The main challenge was how to create a simple, engaging, and empowering tool allowing consumers to start acting on their carbon reduction and offsetting immediately – we believe we found the magic formula and will launch it this coming spring.

The other issue with impact-driven businesses is that there are so many self-proclaimed experts who will tell you, “there’s a much better way of making the impact you want to make”. Nobody says “there’s a much better way of making the profit you want to make”, but everyone has an opinion about how to make an impact.

How do you manage the balance between driving revenue and doing good?

It didn’t start as a business idea. It started as a passionate personal vision to help stop climate change, and a business is simply the best structure to make that vision happen, rather than a charity or an NGO. I started Kora as I am a worried father for four amazing children and felt it is my responsibility to act for their and their generation’s well-being.

Revenue is a necessity for developing a sustainable business, and it’s not a binary choice between earning revenue and doing good. Revenue shows that people value what you do. The idea that you can only be good if you have no money and no resources is ridiculous, because it means you can’t get anything done. So you sit at home being good, how does that help the world?

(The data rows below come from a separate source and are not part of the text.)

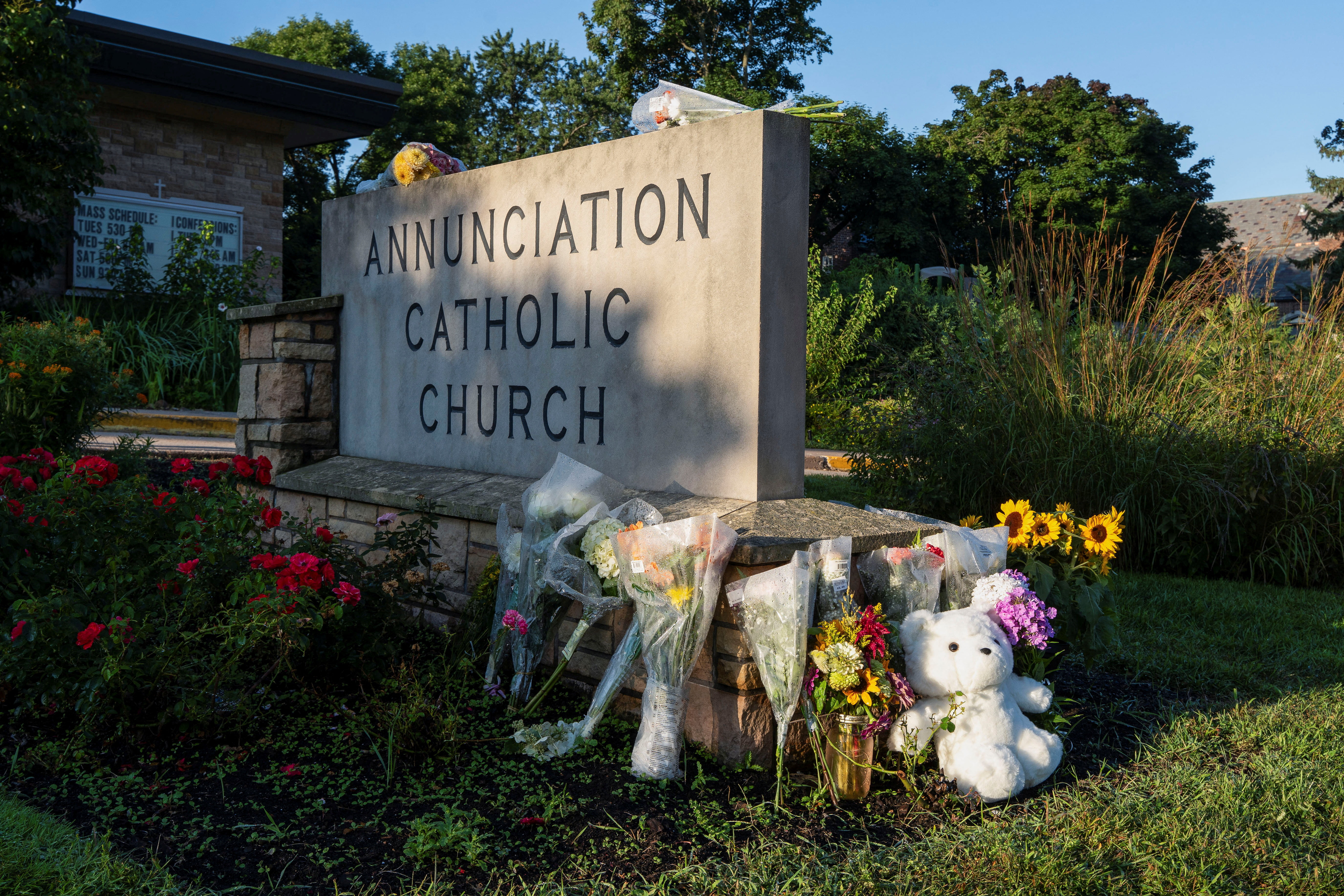 Flowers and a stuffed animal sit outside the Annunciation Church, which is a home to an elementary school and was the scene of a shooting the day before, in Minneapolis, Minnesota, U.S. August 28, 2025. REUTERS/Tim Evans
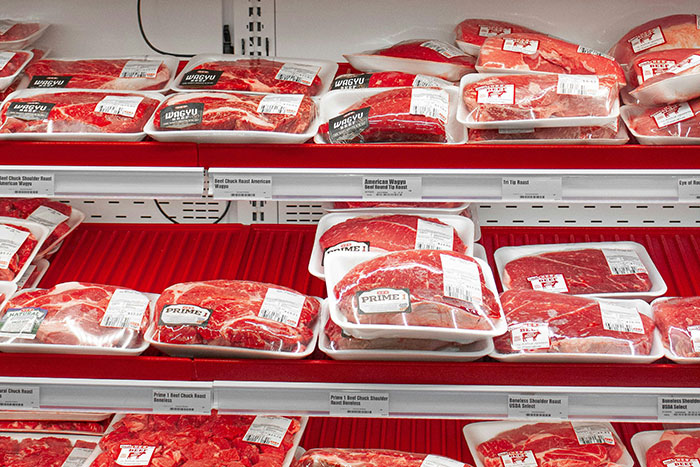 Packages of beef cuts displayed on refrigerated shelves illustrating poor person hacks to easily save thousands on groceries.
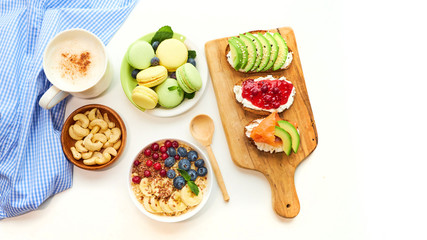 breakfast top view isolate white background. oatmeal with berries, toasts on a wooden tray, nuts, coffee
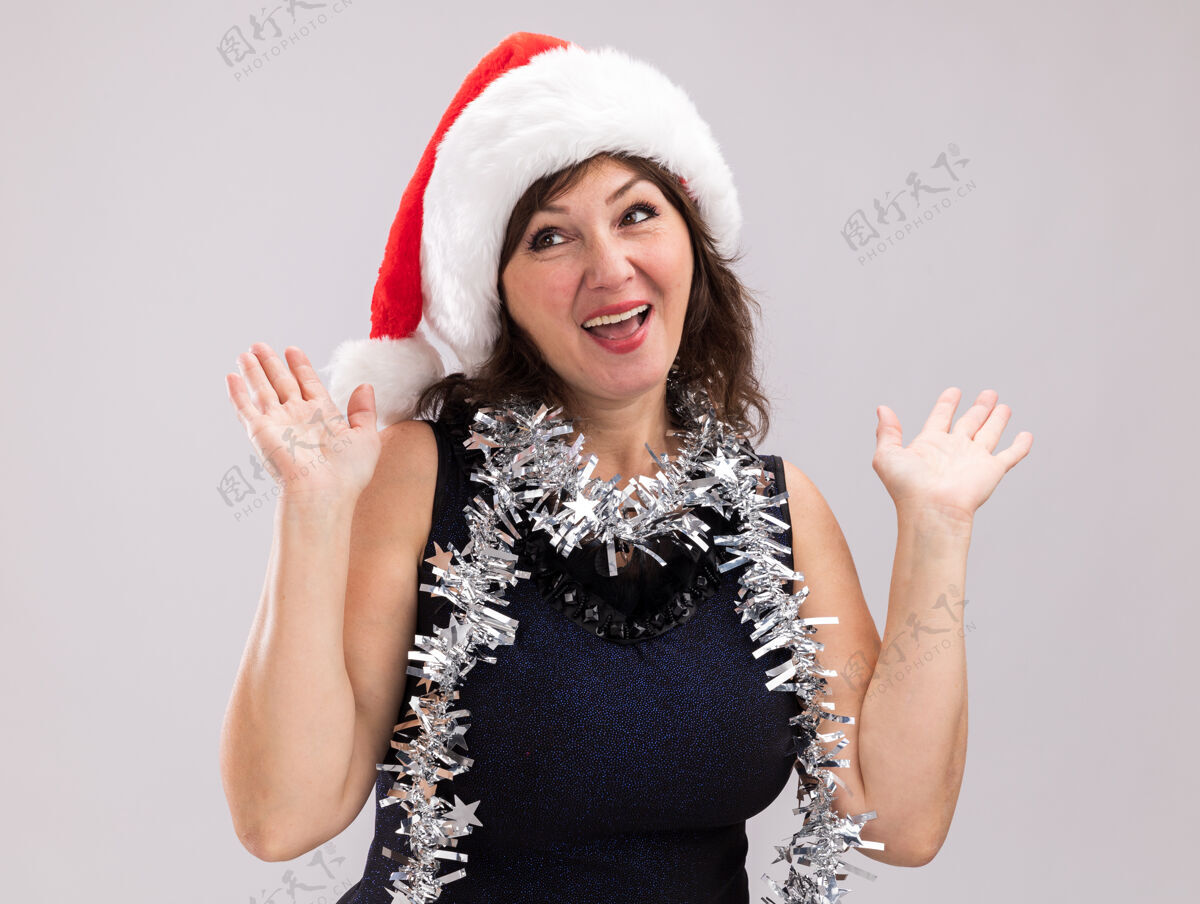 中年一位戴着圣诞老人帽 脖子上戴着金属丝花环的中年妇女看着镜头 在白色背景下 她空手而归脖子帽子金属片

The ways that we earn our revenue is by helping people to do good things, and rewarding them for these things. There’s no conflict with doing good. We’re selling a framework for meaningful personal action that connects you to meaningful collective action, and that’s a pretty good thing to sell.

In my opinion, we can balance doing good with making a profit, and should not go into extremes as they are not sustainable.

Finally, what advice would you give to any budding social or environmental entrepreneurs out there?

Social and environmental entrepreneurs are no different than any other entrepreneurs. They need to focus on resolving real problems, developing a product/service which fits the market, and scaling it up. I assume we all heard that so many times from my experience, what makes entrepreneurs so unique are two key characteristics: 1) a burning desire to make a change; and 2) the capability to deal not only with endless difficulties and fast-changing situations but mainly the ability to cope with the fear of failure.

And, just like other entrepreneurs, social and environmental entrepreneurs need to deal with the human problems of running a team, building a group of people who are diverse and still support each other, managing egos, managing expectations and motivations. That’s the same for every entrepreneur, although it’s especially important when the people in your company come together because they believe in the vision, not just collecting a paycheck. They get very passionate, and whilst that’s a great thing, it also needs to be managed.